Yeah this is why I'm confused as well. I don't follow how if we assume n are the same color, that it implies anything about n+1. It sounds like the article is saying that the N+1 logic makes sense for n > 2, but I don't see how it does.

joppy4y ago

It’s more like “in a world where every group of n horses are the same colour”, no matter of whether that world is the real world or not, “prove that any group of n+1 horses are the same colour”. This inductive step proves nothing about the real world, it needs a base case to kick things off. If you can prove it true for n=5 say, then the inductive step gives you every higher number.

ashtonbaker4y ago

Assume (accept without questioning) that it’s a property of the universe that any group of 2 horses are the same color.

Now, say you have a group of 3 horses, A, B, and C. You can use your knowledge about groups of 2 horses here: A and B must be the same color because they are a group of 2 horses. B and C must be the same color for the same reason. So all the horses are the same color.

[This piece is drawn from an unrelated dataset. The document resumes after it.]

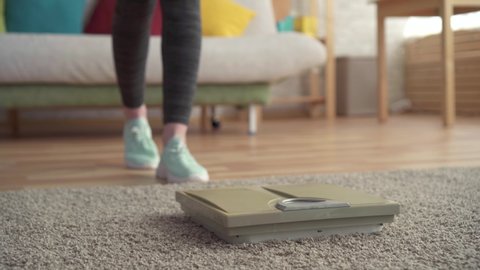 Weight control concept,women's feet on the floor scales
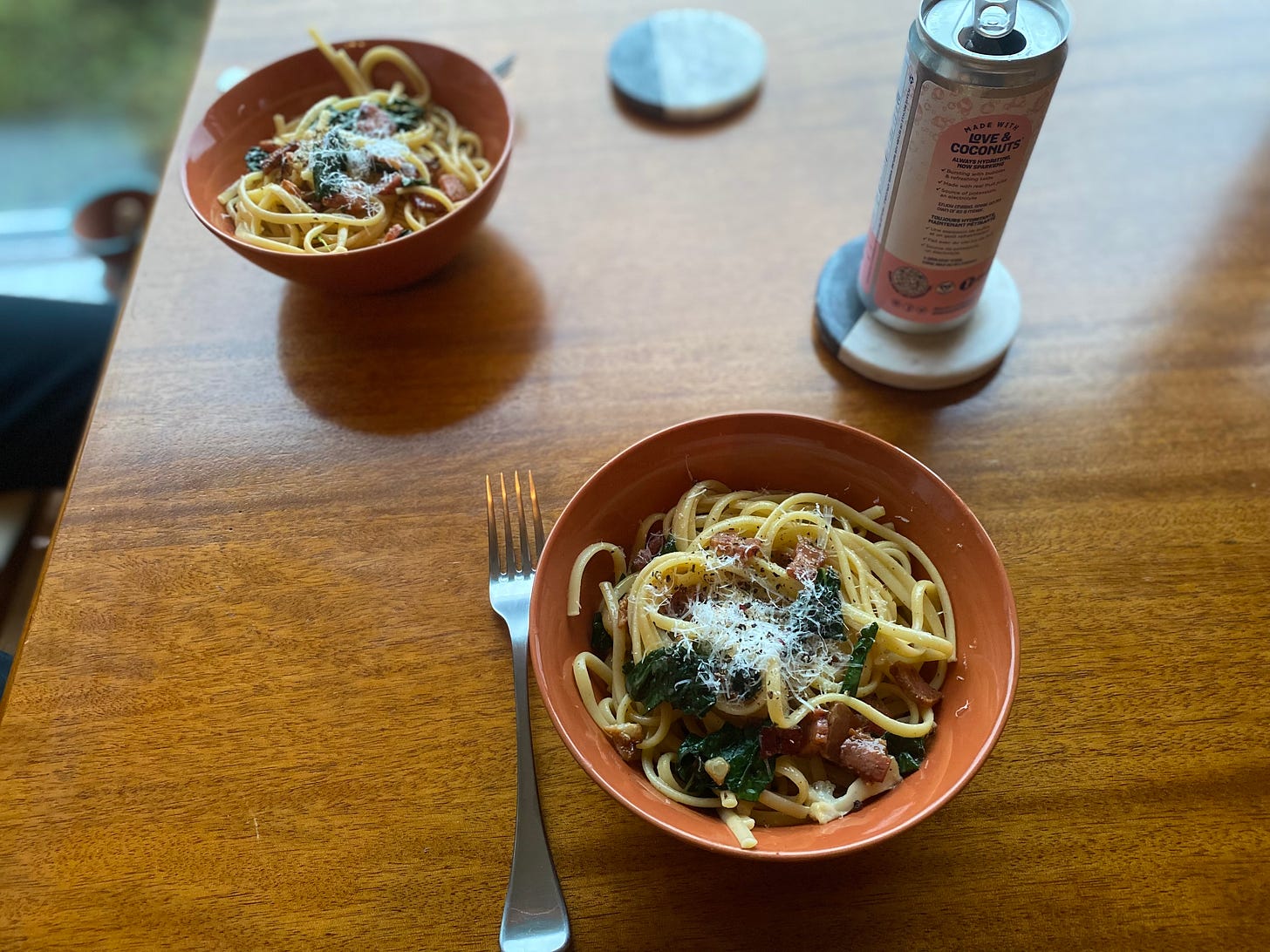 Two orange bowls of the pasta described above: chopped bacon, cauliflower pieces, dark green kale leaves in linguine with parmesan and black pepper on top.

You can now use the proof for groups of 3 horses to prove the same fact about groups of 4 horses, and so on.

The flawed inductive proof tries to generalize this argument to all groups of n and n+1 horses. That is, assume the property is true for groups of n horses, and show that it logically follows that it’s true for groups of n+1 horses. The structure of the argument is the same as my 2/3 horses example. However, you can’t use an argument like that for any value of n, as it isn’t true for n=1. That is, it’s not true that if every group of 1 horses is the same color (a true fact in nature) then it follows that every pair of horses is the same color.

amalcon4y ago

It's not proven in a vacuum: it's proven under the assumption that it's true for N-1. E.g. if we assume that all groups of 2 horses are the same color, we can prove that all groups of 3 horses are by labelling them A, B, C. A and B are the same color because they are a group of 2; B and C are the same color because they are also a group of 2; A and C are the same color transitively (or because they are also a group of 2). Therefore A, B, and C are the same color. This step is logically sound, and you can do this for any N greater than three.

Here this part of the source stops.